▸ **Work to be completed**
Starting at the line that contains "10 st Mini flätade", retype each line to the end of the listing below. Include both ends, but not the pictures.

▸ **Dataset extract**
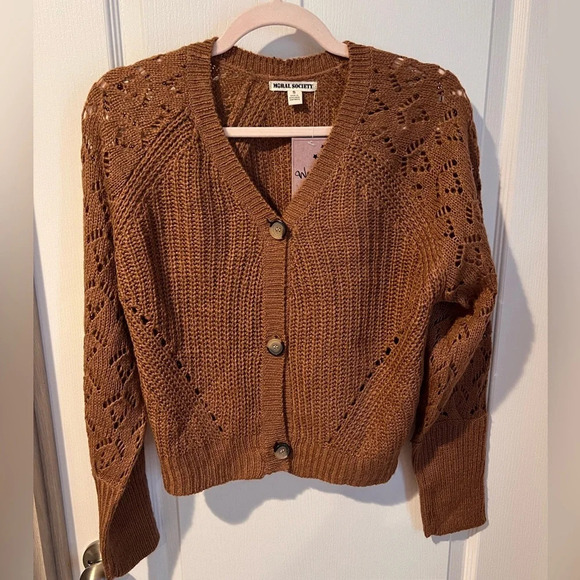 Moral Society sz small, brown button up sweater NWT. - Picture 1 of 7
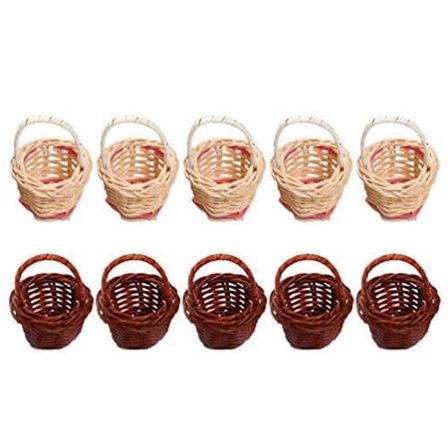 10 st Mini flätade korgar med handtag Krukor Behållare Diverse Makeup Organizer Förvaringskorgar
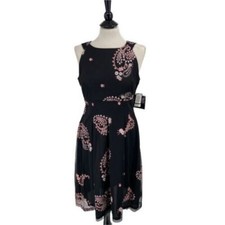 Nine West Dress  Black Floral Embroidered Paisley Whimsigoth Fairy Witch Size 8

▸ **Output**
 10 st Mini flätade korgar med handtag Krukor Behållare Diverse Makeup Organizer Förvaringskorgar
 Nine West Dress  Black Floral Embroidered Paisley Whimsigoth Fairy Witch Size 8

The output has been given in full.